START DATA SHOWN
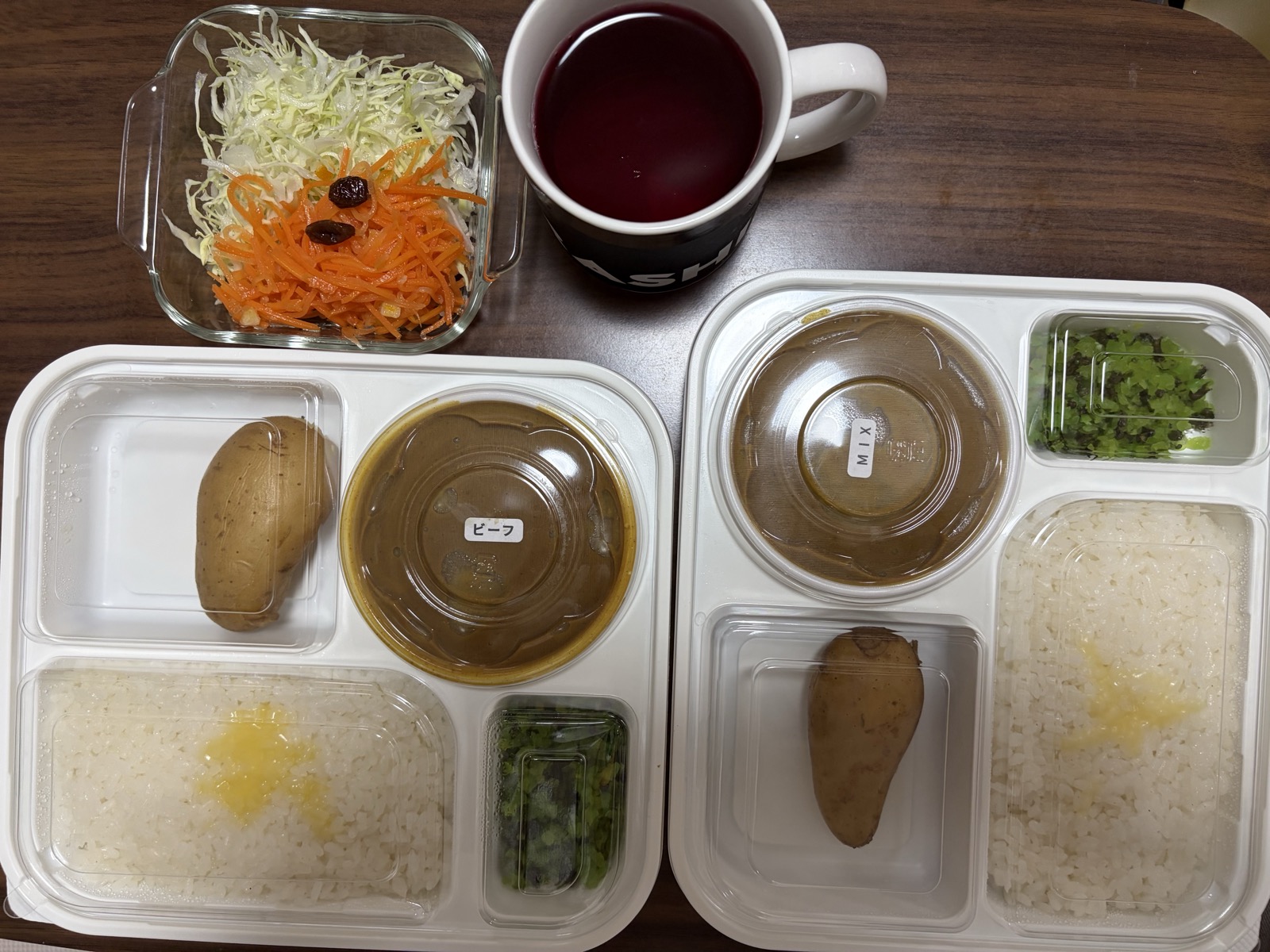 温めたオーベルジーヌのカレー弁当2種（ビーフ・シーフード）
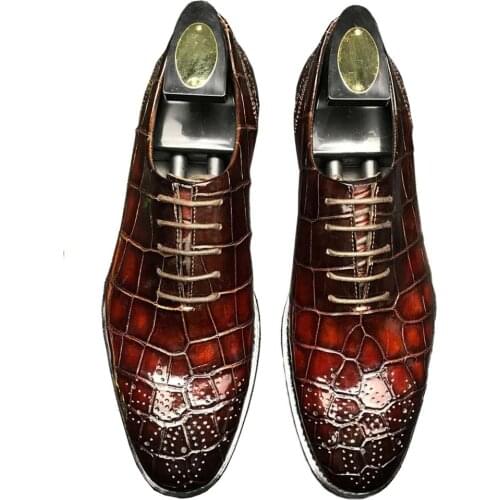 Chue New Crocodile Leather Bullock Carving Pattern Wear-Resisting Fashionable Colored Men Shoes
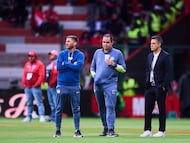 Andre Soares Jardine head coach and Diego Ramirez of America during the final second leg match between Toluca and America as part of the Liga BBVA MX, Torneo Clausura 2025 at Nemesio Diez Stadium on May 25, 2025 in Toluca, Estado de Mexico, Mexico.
END DATA SHOWN
### WORK ITEM
What is needed is an exact restatement of the lines from the line with "Chue New Crocodile" through the final line of the data, pictures excluded.

### FINAL ANSWER
 Chue New Crocodile Leather Bullock Carving Pattern Wear-Resisting Fashionable Colored Men Shoes
 Andre Soares Jardine head coach and Diego Ramirez of America during the final second leg match between Toluca and America as part of the Liga BBVA MX, Torneo Clausura 2025 at Nemesio Diez Stadium on May 25, 2025 in Toluca, Estado de Mexico, Mexico.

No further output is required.